Another example of the differences in the downstream analysis steps and the required tools across sequencing-based application is ChIP-seq. Reads generated with such technique will be used for peak calling, which consists in detecting regions in the genome with a significant excess of reads that indicates where the target protein is bound. Several peak callers exist and this publication surveys them. As a final example I will mention Hi-C data, in which alignments are used as input for tools that determine the interaction matrices and, from these, the 3D-features of the genome. Commenting on all the sequencing-based assays beyond the scope of this article (for a relatively complete list see this article).
Before you start…
The remaining part of this article touches on aspects that may be not strictly considered as steps in the analysis of HTS data and that are largely ignored. In contrast, I argue that it is capital that you think about the questions posed in Table 1 before you start analyzing HTS data (or any kind of data indeed), and I have written on these topics here and here.

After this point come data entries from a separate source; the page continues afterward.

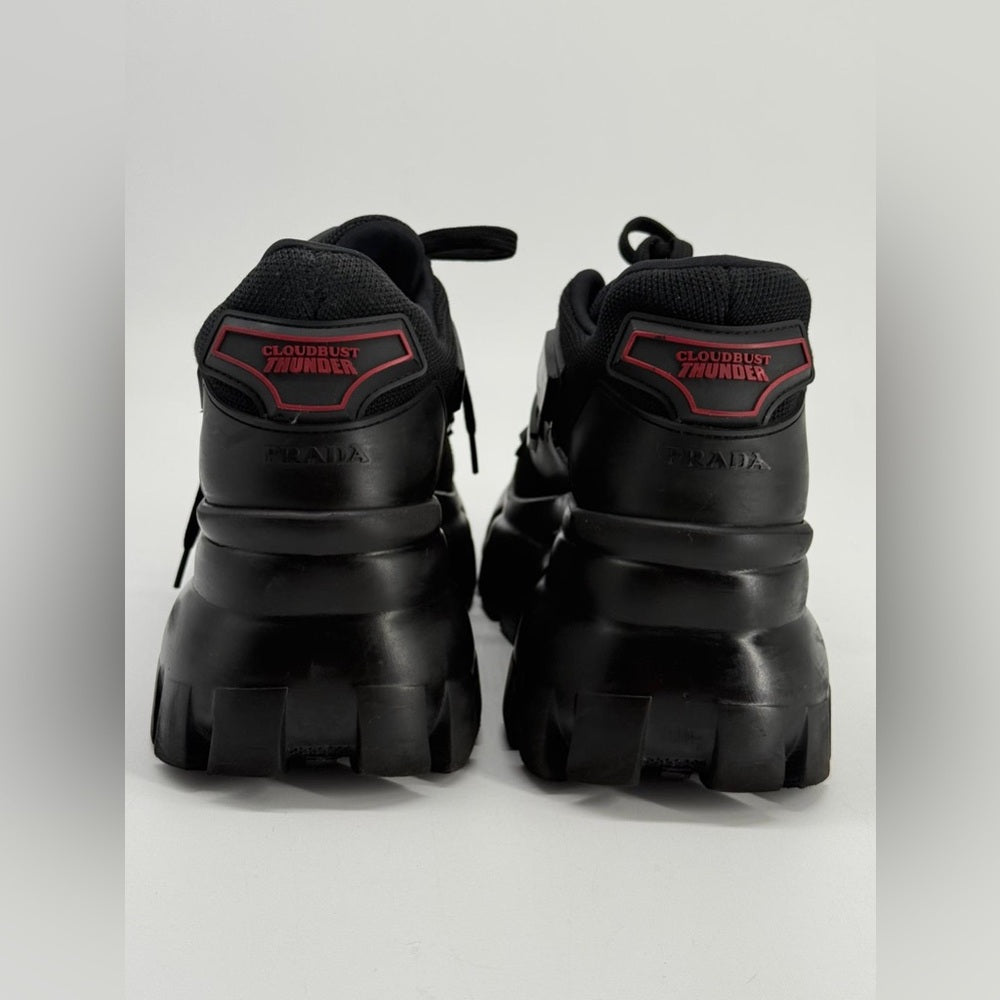 Prada Cloudbust Thunder Sneaker in Black US 7.5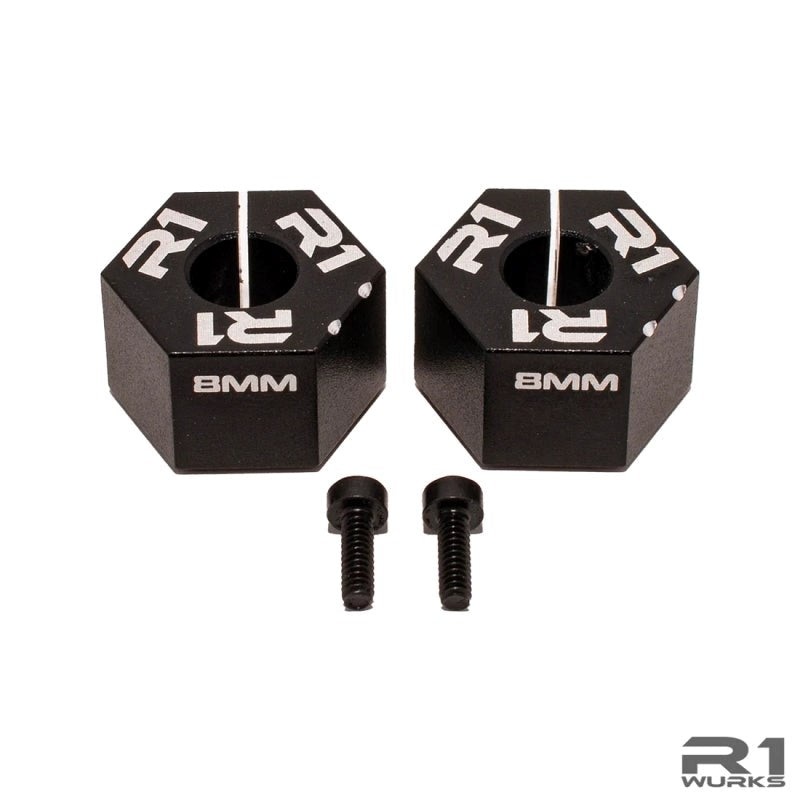 R1WURKS R1HEX-8MM 8MM WIDTH 12MM CLAMPING HEX 1 PAIR 2 DOT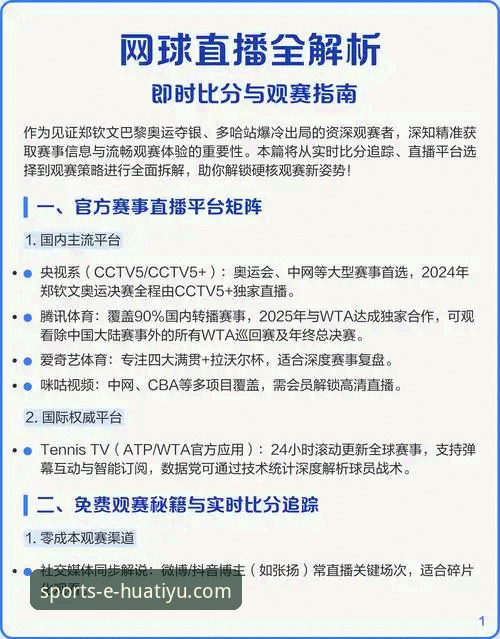 华体育比分直播 华体育官网平台使用指南:比分直播与实时数据实战攻略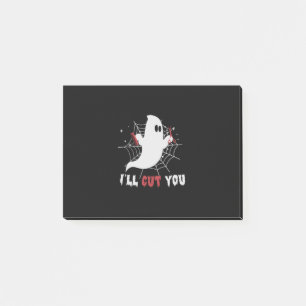 Halloween I Will Cut You Birthday Post-it Notes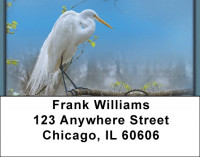 Great White Egret Address Labels | LBZANK-45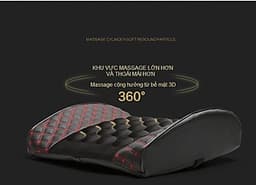 Combo Đệm Tựa Lưng Massage Và Gối Tựa Đầu Xe Hơi ( Ô Tô ) Chống Mỏi Cổ - Hàng Cao Cấp - Siêu Đàn Hồi - Thiết Kế Ôm Vừa Vặn Ghế Xe Hơi - Màu Chỉ Đỏ Trang Nhã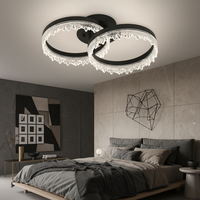 LED осветително тяло 2 CIRCLE VALS Еквивалент 200W Дистанционно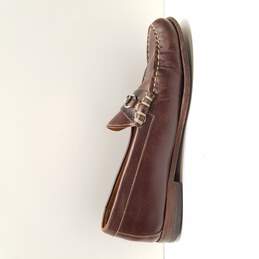 Warflield & Grand Men's Brown Leather Loafers Size 9.5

|Think about it||Proposed action|
|Do you have all the information of your sample needed for the analysis?||Collect systematically the metadata of the experiments|
|Will you be able to identify unequivocally your sample?||Establish a system to assign each sample a unique identifier|
|Where will data and results be?||Structured and hierarchical organization of the data|
|Will you be able to process multiple samples seamlessly?||Scalability, parallelization, automatic configuration and modularity of the code|
|Will you or anybody else be able to reproduce the results?||Document your code and procedures!|
As mentioned above, HTS raw data and some of the files generated during their analysis are in the order of gigabytes, so it is not exceptional that a project including tens of samples requires terabytes of storage. Besides, some steps in the analysis of HTS data are computationally intensive (e.g. alignment). However, the storage and computing infrastructure required for analyzing HTS data is an important consideration and it is often overlooked or not discussed. As an example, as part of a recent analysis, we reviewed tens of published papers performing phenome-wide association analysis (PheWAS). Modern PheWAS analyze 100-1,000s of both genetic variants and phenotypes, which results in important data storage and computing power. And yet, virtually none of the papers we reviewed commented on the infrastructure needed for the PheWAS analysis. Not surprisingly, my recommendation is that you plan upfront the storage and computing requirements that you will face and share them with the community.